Unfortunately Abirateron did not work for me, so after a rise of PSA from 57 to 445 in 6 months it was decided to move to chemotherapy with 10 three-week cycles of Docetaxel (Taxotere). My PSA started to drop immediately although there were modest rises in cycles 4 and 8. I have now completed the 10 cycles with PSA down to 163. My oncologist says we will continue with Prostap and review the situation in 2 months with the possibility of moving to Cabazitaxel (Jevtana).
I cannot praise the Chemo unit staff too highly at my local hospital. Always working, always helpful, and always cheerful.
In the two months since completing a 10-cycle course of chemotherapy with Docetaxel my PSA increased significantly from 170 to 390. During that period the lymph nodes in my groin swelled (the left side to the size of a small egg) causing a 5 day stay in hospital.

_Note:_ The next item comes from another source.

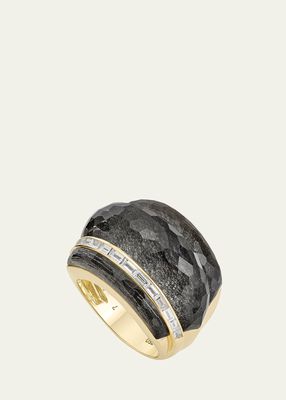 18K Yellow Gold CH2 Statement Ring with Obsidian Crystal Haze and Diamonds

It's now back on chemo., this time 10 cycles of Cabazitaxel. As I commented once before, Chinese proverb: "May you live in interesting times!"
Yes, it's 10 years since my diagnosis. My PSA is 1025 which, after a roller-coaster ride over the past ten years is now close to the diagnosis value of 1121.
The 10 cycles of Cabazitaxel in the latter half of 2016 appeared to have no effect. So at a meeting with my oncologist in January of this year it was decided that there were no treatment options left and we would now keep a watching brief.
A good thing, because in mid-year the lymph nodes in my groin started swelling again, they were battered down with radio therapy. Unfortunately a side effect of this was the development of lymphedema in my right leg – basically the lymphatic system doesn't drain properly leading to a very fat leg. The swelling causes difficulty in walking so after a period using a stick, I now get about with a walking frame (Zimmer).
Also during this period the cancer in my prostate caused interference with the urethra and I experienced urine retention – not fun. I now have a catheter fitted –still not fun but more interesting.
All-in-all a busy year, but touch wood, still no pain.